Exploring Data in R: When To Use What Method

The determination of what methods to use when analyzing data in R will be determined by the characteristics of the data and the question(s) you seek to answer with that data.

This tutorial will introduce techniques for exploring and determining the characteristics of data, and methods that can answer different types of questions with those different types of data. This approach proceeds through a sequence of questions:

How Does My Data Relate to Reality?

The idealized world of the scientific method is question-driven, with the collection and analysis of data determined by questions and hypotheses:

The Scientific Method

However, in some cases, especially at the early states of research, a data-driven approach may be more appropriate. This reverses the question-driven process, with the data coming first and animating a process of exploratory data analysis, which is an approach outlined in this tutorial:

Exploratory Data Analysis

Metadata

The first thing you should do when you get new data is document where it came from, before you lose track of this information as your project proceeds and other priorities intervene. You may need this metadata in the future, especially if you plan on sharing or publishing the results of your analysis.

Metadata may include:

Types of Variables

Structured data represents characteristics of entities as variables. This section uses Mosteller and Tukey's (1977) proposed a seven-level typology for levels of measurement that is a more-robust alternative to Stanley Steven's (1946) traditional four-level typology (nominal, ordinal, interval, ratio).

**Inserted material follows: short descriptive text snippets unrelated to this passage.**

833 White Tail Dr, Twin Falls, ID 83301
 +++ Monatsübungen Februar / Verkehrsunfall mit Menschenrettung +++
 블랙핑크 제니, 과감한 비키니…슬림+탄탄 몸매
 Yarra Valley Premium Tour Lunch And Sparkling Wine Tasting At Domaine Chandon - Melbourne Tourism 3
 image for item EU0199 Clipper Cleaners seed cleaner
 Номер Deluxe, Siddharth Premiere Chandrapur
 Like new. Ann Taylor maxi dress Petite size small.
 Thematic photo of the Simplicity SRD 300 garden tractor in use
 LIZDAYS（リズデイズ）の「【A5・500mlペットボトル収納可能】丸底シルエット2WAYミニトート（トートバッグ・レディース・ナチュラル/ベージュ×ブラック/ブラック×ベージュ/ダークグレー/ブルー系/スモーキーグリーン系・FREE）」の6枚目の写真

Population vs Sampled Data

Sampled data is an incomplete, but hopefully representative, subset of the broader population being analyzed. Many statistical techniques, such as tests, use the laws of probability to calculate the amount of certainty that observations made on sampled data represent that broder population.

In choosing what method(s) to use with your data, you should note whether the method is specifically designed for use with sampled data.

Noise and Uncertainty (Fixed X)

Many statistical tests and methods rely on the assumption of fixed X, where the data represents exact values and there is no random "noise" involved (Zuur et al 2007, 53).

In reality, there is always noise and uncertainty associated with data, layering additional probabilities on top of the analysis and making the rigorous p-values and confidence intervals that statistical techniques produce less precise. Indeed, many phenomena are ontologically fuzzy, and the data used to represent those phenomena reflect the subjectivities of the researchers. This is especially true in the social sciences where the phenomena are impossibly complex and research results can often not be reproduced.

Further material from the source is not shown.